▶ What to work on: Exact copy, no pictures: every line from the one that contains "246 - A French" through the end of the data below, and nothing else.

(Collected data entries)
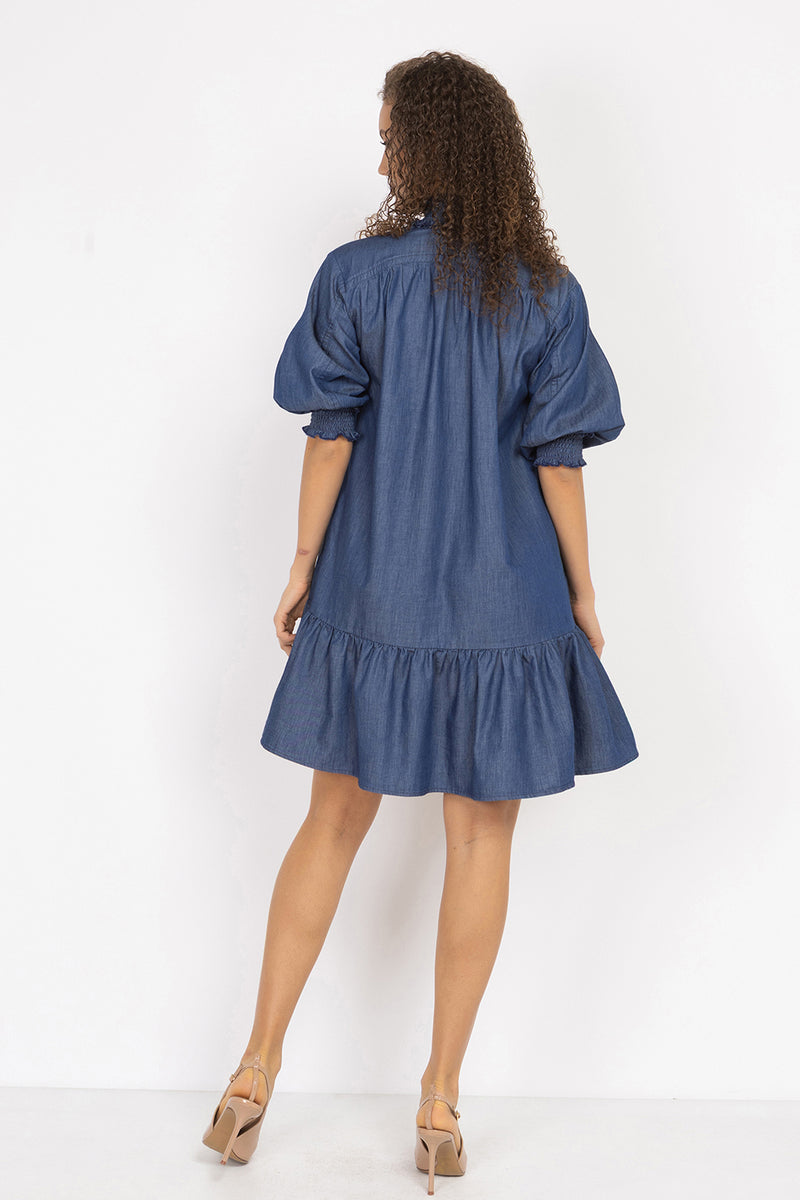 DENIM DRESS WITH ELASTICATED NECKLINE AND BELT - ESSENTIALS JIORO ДЪНКОВА РОКЛЯ С ЛАСТИЧНА ЯКА И КОЛАН - ESSENTIALS JIORO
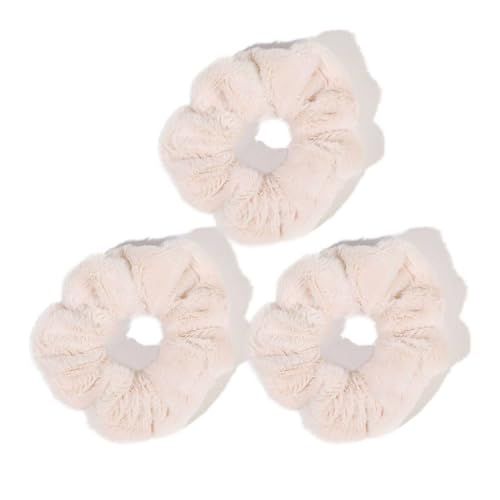 CCYXFB 3 Stück Haargummi Ohne Beschädigung, Plüsch Haargummis Mädchen Für Winter, Weiche Dicke Haarband, Haarschmuck Damen-Beige-D: 10cm(3.9inch) von CCYXFB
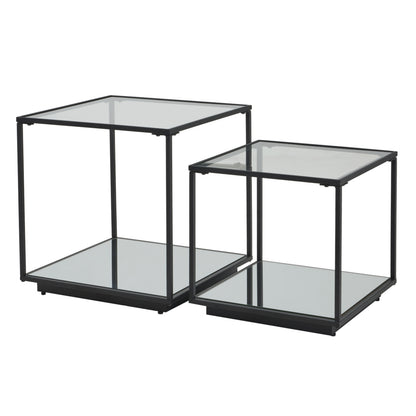 Lennox Black Set of 2 Side Tables with Glass Tops and Metal Frames
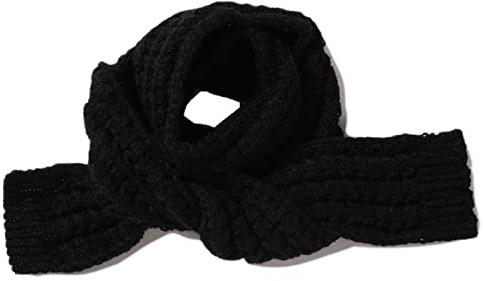 BEARUN Kids Knitted Scarf Winter Fashion Solid Color Toddler Baby Warm Scarves Wrap Neck Warmer for Girls Boys Soild Black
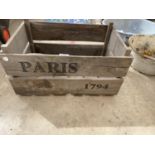 A WOODEN PARIS APPLE BOX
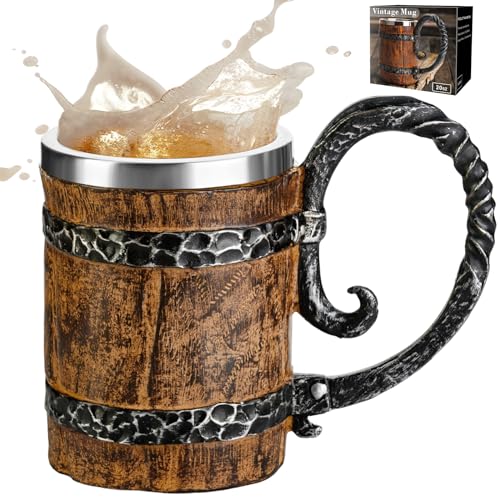 PARACITY Viking Beer Mug, Beer Stein Tankard with Handle, Stainless Steel Viking Mugs 20OZ, Coffee Mug for Bar, Wooden Viking Beer Cup/Mugs for Men, Viking Accessories for Home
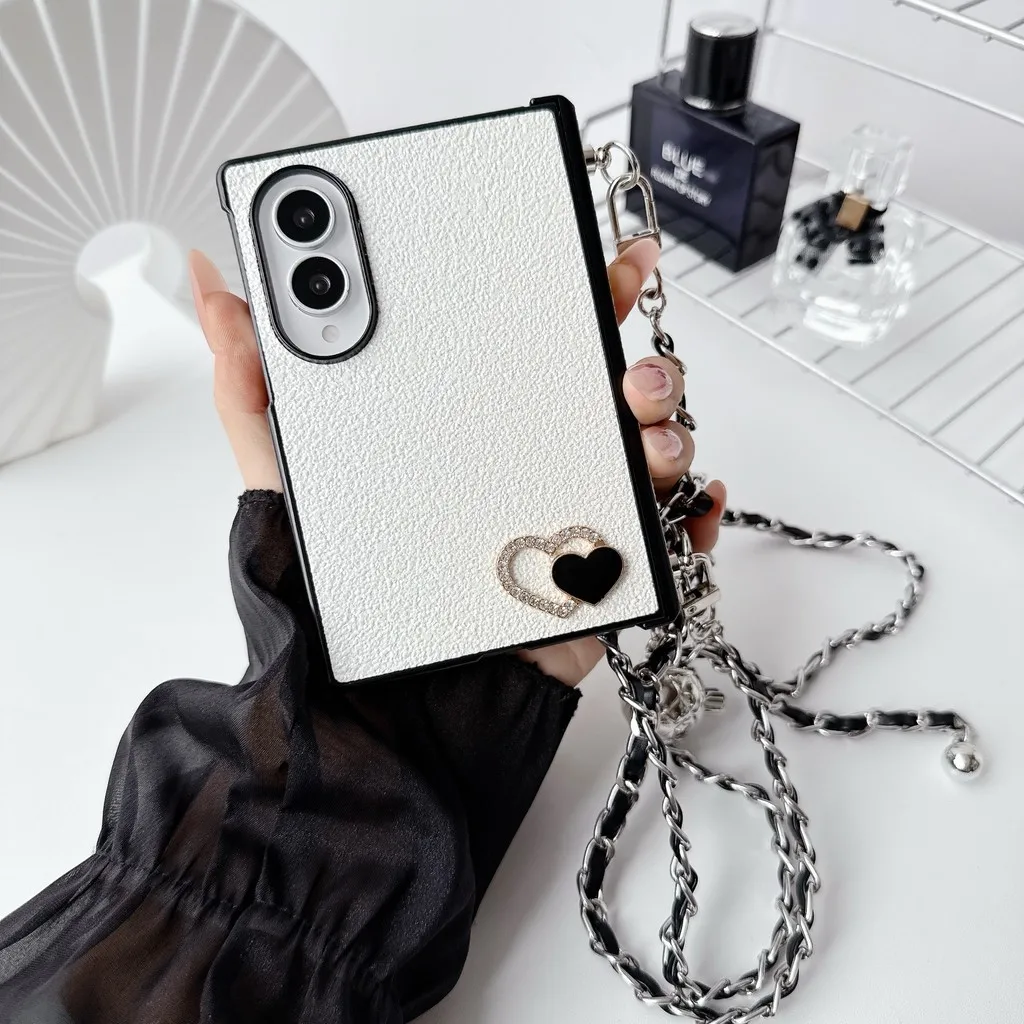 For Samsung Z Fold 3 4 5 6 7 8 Ultra Foldable Phone Case with Black and White Contrast Crossbody Chain All-in-One Cover
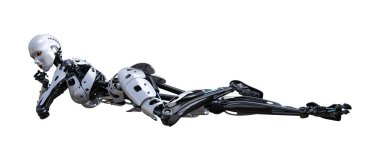 3D render kadın Robot üzerinde beyaz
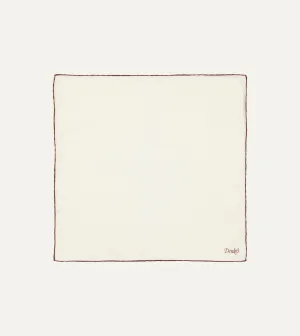 Ivory and Burgundy Shoestring Border Silk Pocket Square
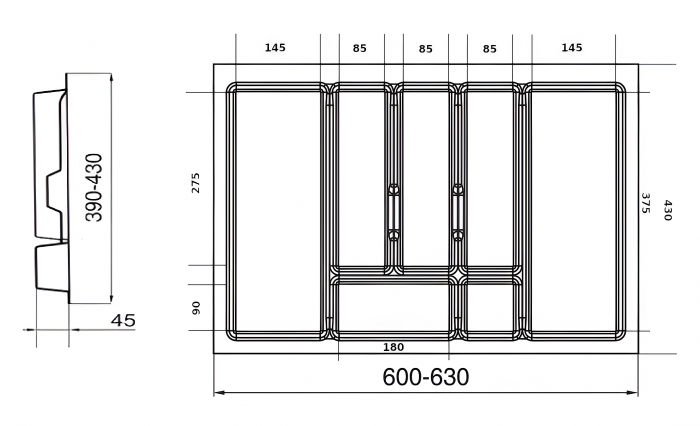Suport organizare tacamuri Uni, gri metalizat, pentru latime exterioara corp 700 mm, montabil in sertar de bucatarie, 630x430 mm [5]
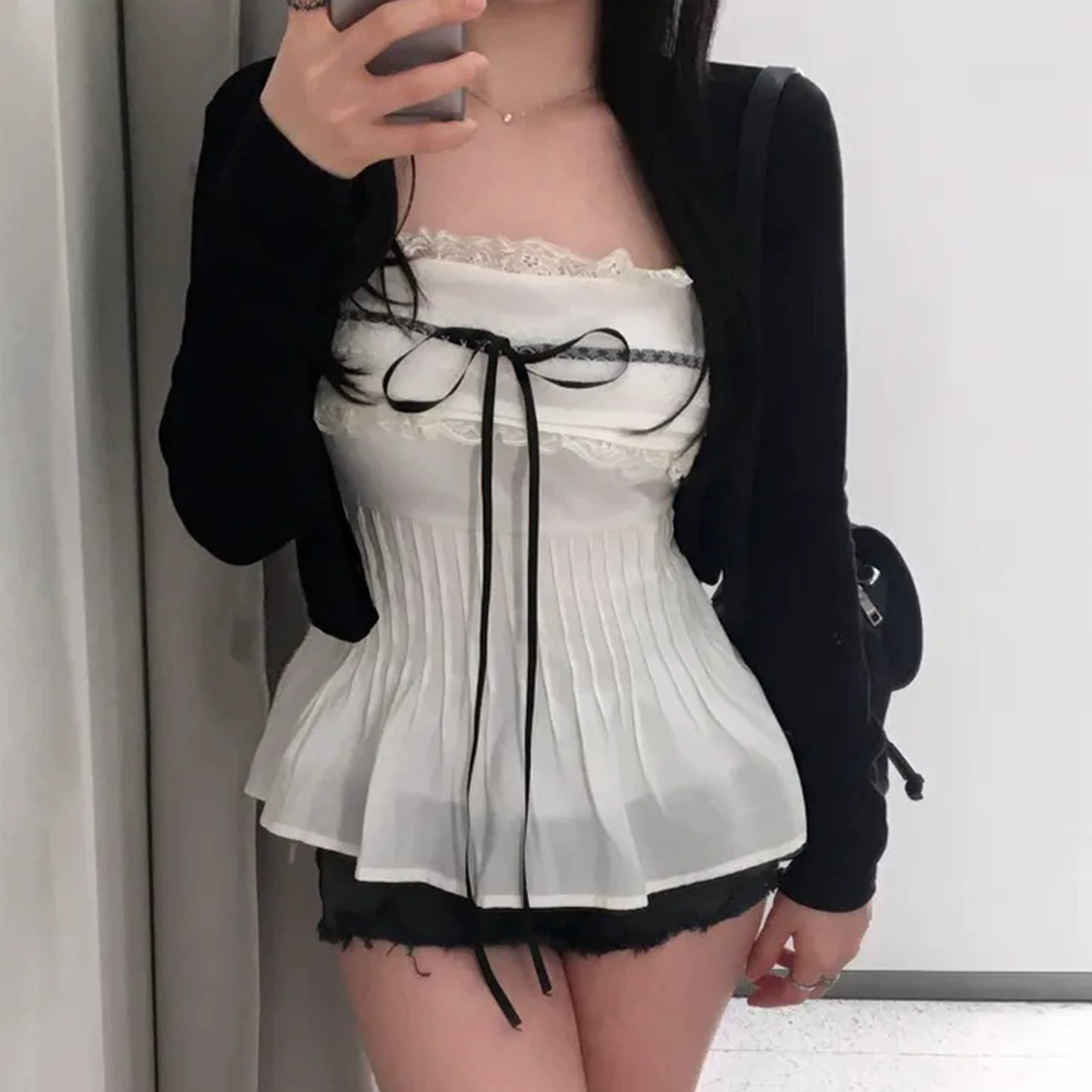 Топ-труба в сладком и пряном стиле для французских девушек с кружевной завязкой и бантом, простой плиссированный топ контрастного цвета с кружевной строчкой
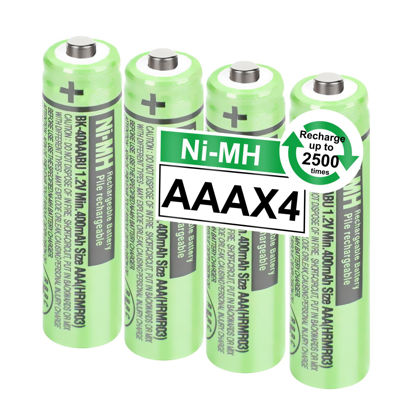 Picture of OSIM 4Pack BK-40AAABU Ni-MH AAA Rechargeable Batteries 400mah AAA Ni-MH Rechargeable Batteries 1.2V for Cordless Phones, Remote Controls, Electronics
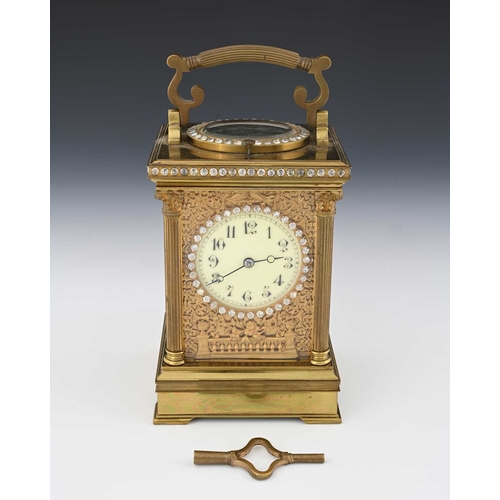 246 - A French repeating carriage clock, late 19th Century, gilt brass and paste set corniche case, visibl... 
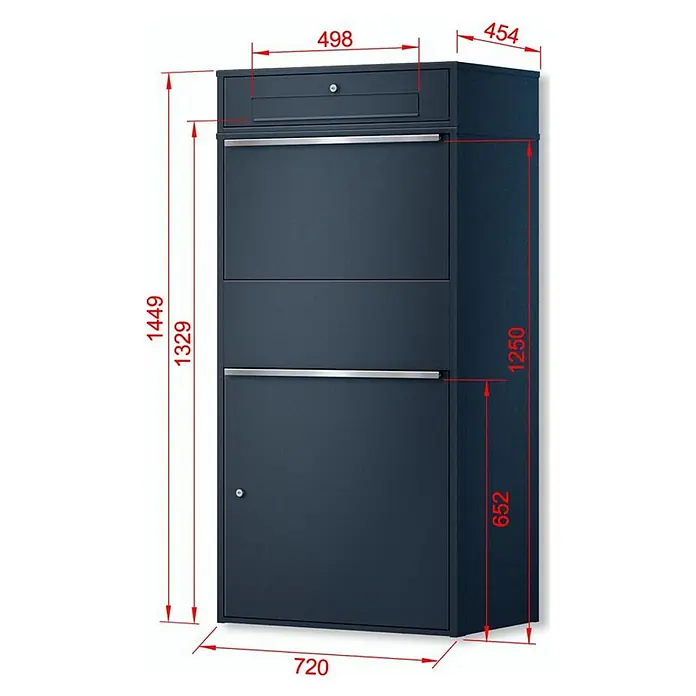 Metzler Paketbox XL BRFK BISPO MAX - L x B x H: 45,4 x 72 x 145 cm, Anthrazit, Stahl, Paketfach - Hoher, dunkelgrauer Mehrfach-Briefkasten mit abschließbarem Briefeinwurf und Paketfach, Maße dargestellt.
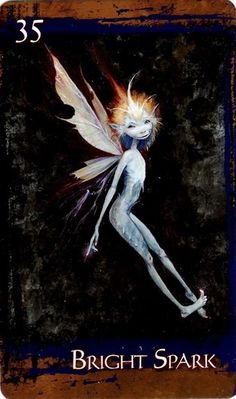 a card with the image of a fairy on it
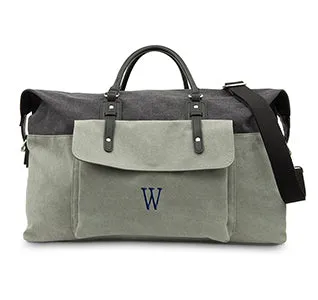 Black & Grey Groomsmen Canvas Weekender Travel Bag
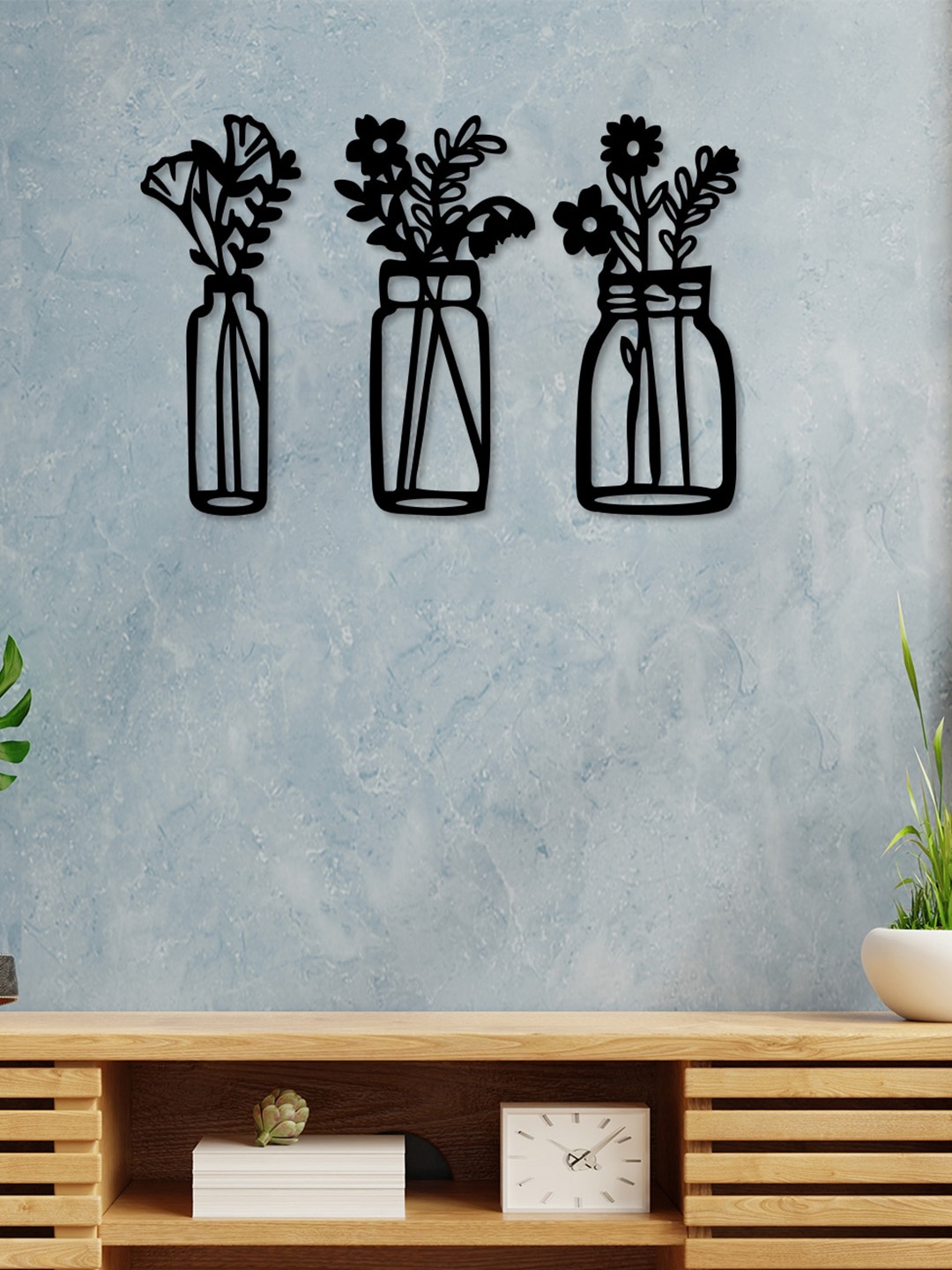 

Art Street Black MDF Mini Plants Design Plaque Wall Decor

▶ Solved exercise:
 246 - A French repeating carriage clock, late 19th Century, gilt brass and paste set corniche case, visibl... 
 Metzler Paketbox XL BRFK BISPO MAX - L x B x H: 45,4 x 72 x 145 cm, Anthrazit, Stahl, Paketfach - Hoher, dunkelgrauer Mehrfach-Briefkasten mit abschließbarem Briefeinwurf und Paketfach, Maße dargestellt.
 a card with the image of a fairy on it
 Black & Grey Groomsmen Canvas Weekender Travel Bag

Art Street Black MDF Mini Plants Design Plaque Wall Decor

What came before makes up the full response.